«Lo dudo, lo dudo, lo dudo; qué tú llegues a quererme, cómo yo te quiero a ti» -el bolero viejo sonaba a la misma hora en el radio que parece haberse comido todos los años de la ciudad de México. Y es que el bolero carga la melancolía crítica de los amores y los años.

El tiempo que Virgilio pasó en el reclusorio fue el más triste bolero para él. Haber llevado en su carro al «coreano» y su nieto «el gordo» a recoger a un amigo supusieron el inicio a la tortuosa vida de preso; entrar a los 56 años a la cárcel es parecido a entregarte a una casa de retiro llena de becarios que recién saben poner inyecciones, ensimismados y egoístas cómo todos en esta era digital.

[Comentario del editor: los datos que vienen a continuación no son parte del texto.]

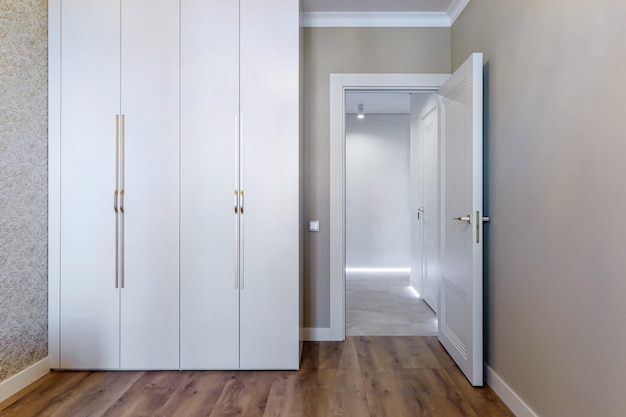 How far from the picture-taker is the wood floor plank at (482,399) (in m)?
1.79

-Coreano, no me dijiste que tu nieto iba a esperar a un pinche ratero, tenemos a la policía atrás de nosotros no chingues- te juro que no sabía nada Virgi, este cabrón chamaco está loco-
El gordo y su cómplice ganaron por pies, Virgilio y el amigo de toda su infancia se quedaron atrapados entre dos patrullas. No les creyó nada el Juez, el afectado reiteró la demanda y los dos amigos casi sexagenarios entraron a prisión con todo el peso familiar que eso implica. ¿el gordo?, ja, no volvió más a la familia, se enteró que el abuelo pagaba lo que él se había comido, pero no regresó nunca.

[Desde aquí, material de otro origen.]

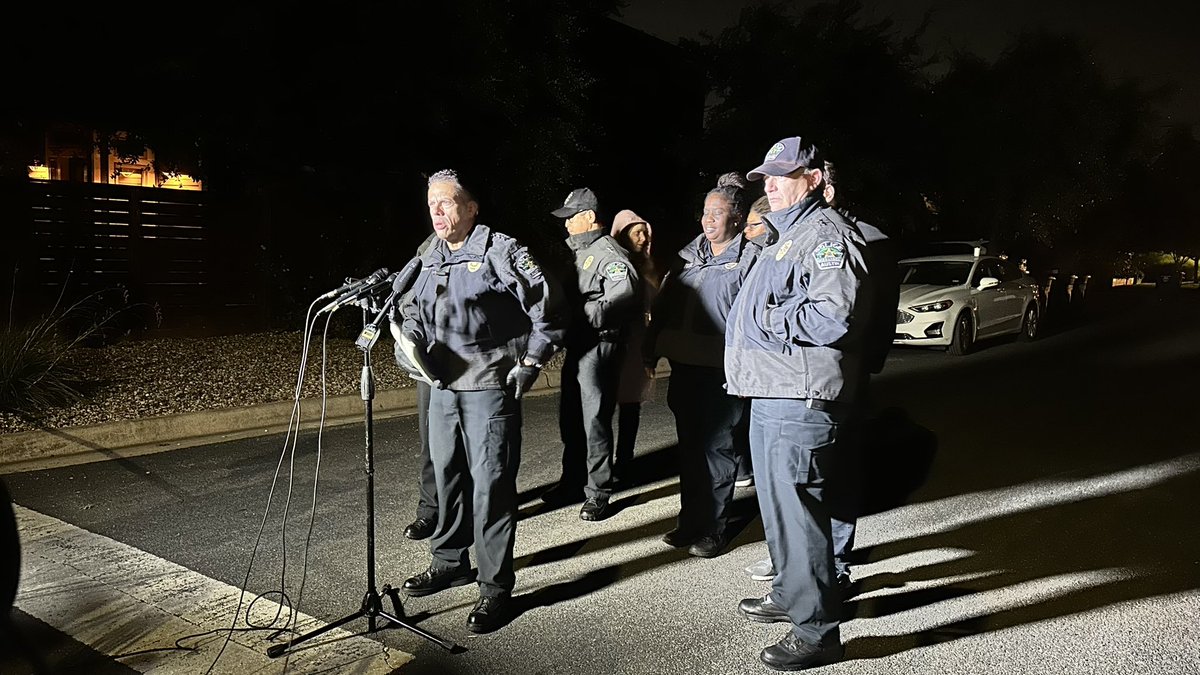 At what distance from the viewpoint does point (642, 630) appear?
407 centimetres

Todo lo que se sabe de cómo es el ingreso a una cárcel en México es sólo un espejo de lo que realmente ocurre al llegar; en sus primeros días tuvieron que limpiar la mierda de las letrinas con un trapo que tenían que lavar continuamente porque pesaba de tanta cagada, el pagar por una cobija, por cada puto metro cuadrado, y pagar porqué no te peguen dentro de ese infierno era algo que ellos no concebían, pero que ahora conocían. Se vieron cómo hermanos desde que fueron a la primaria y hasta que llegaron a la facultad y cada uno tuvo que decidir un camino, una carrera. No fue la excepción en cana; siempre juntos se les veía, a veces callados y otras fumándose el tiempo, mismo que no rinde en los días de visita cuando a Virgilio iba a verlo su gran amor Margarita, cada que iba era un mar de lágrimas y Virgilio solo atinaba a cantarle <que por cierto era una de sus grandes pasiones> «no puedo verte triste porqué me mata, tu carita de pena mi dulce amor, me duele tanto el llanto que tú derramas» Margarita se deshacía en cada visita, al igual que los hijos, los nietos… y hasta el barrio los extrañaba.

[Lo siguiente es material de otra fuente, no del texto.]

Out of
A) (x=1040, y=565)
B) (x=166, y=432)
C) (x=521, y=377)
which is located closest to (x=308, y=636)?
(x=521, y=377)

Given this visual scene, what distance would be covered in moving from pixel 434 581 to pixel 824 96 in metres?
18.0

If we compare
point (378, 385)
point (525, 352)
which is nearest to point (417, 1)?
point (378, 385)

Trámites más trámites menos, corrupción disfrazada de legalidad por ser primodelincuentes pusieron afuera a los dos amigos. Gran recibimiento lleno de algarabía para cada uno. Deciden verse de nuevo un jueves en la misma cantina donde un viejo les enseñó a tocar la guitarra y les habló de mujeres y vicios; y al son de 2 cubas con poca coca-cola por la diabetes sonó una estrofa que sonó acorde para ellos: «a mis amigos les adeudo la ternura, y las palabras de alivio y el abrazo, el compartir con todos ellos la factura, que nos presenta la vida paso a paso».